Give again only the lines from the line that holds "HWS Auenlandschaft Thurmündung" to the end of the data, inclusive, omitting all pictures.

_ _ _ _

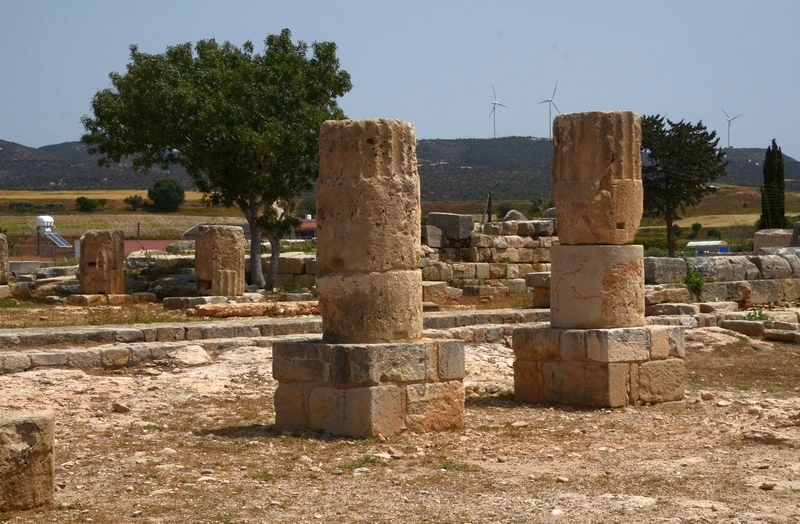 Old Paphos, Sanctuary II, South Stoa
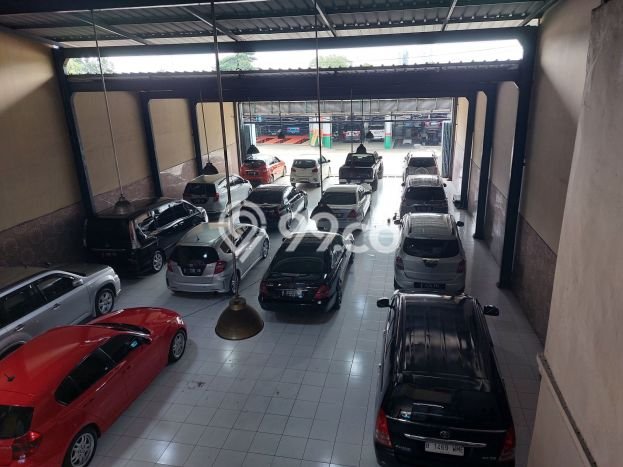 Ruko Dijual di Karawaci Tangerang dengan LB 360m2 Ruko Dijual di Karawaci Tangerang dengan LB 360m2
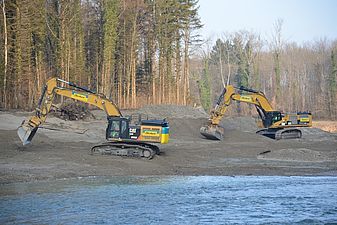 HWS Auenlandschaft Thurmündung Zwei Bagger am Ufer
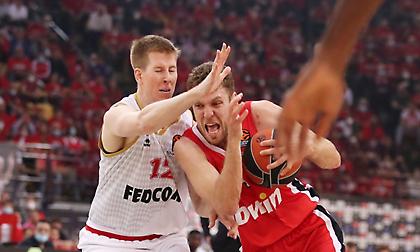 Κλέψιμο και επιβλητικό κάρφωμα ο Βεζένκοφ!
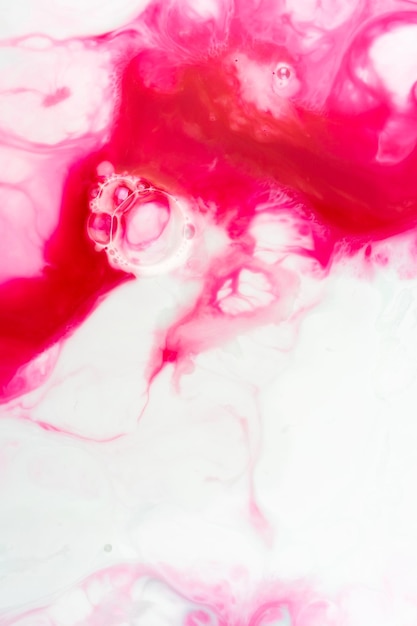 kolorowy różowy geeen niebieski miesza atramenty z płynną teksturą różową i niebieską farbą w wodzie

_ _ _ _

SOLUTION FOR THIS TASK:
 HWS Auenlandschaft Thurmündung Zwei Bagger am Ufer
 Κλέψιμο και επιβλητικό κάρφωμα ο Βεζένκοφ!
 kolorowy różowy geeen niebieski miesza atramenty z płynną teksturą różową i niebieską farbą w wodzie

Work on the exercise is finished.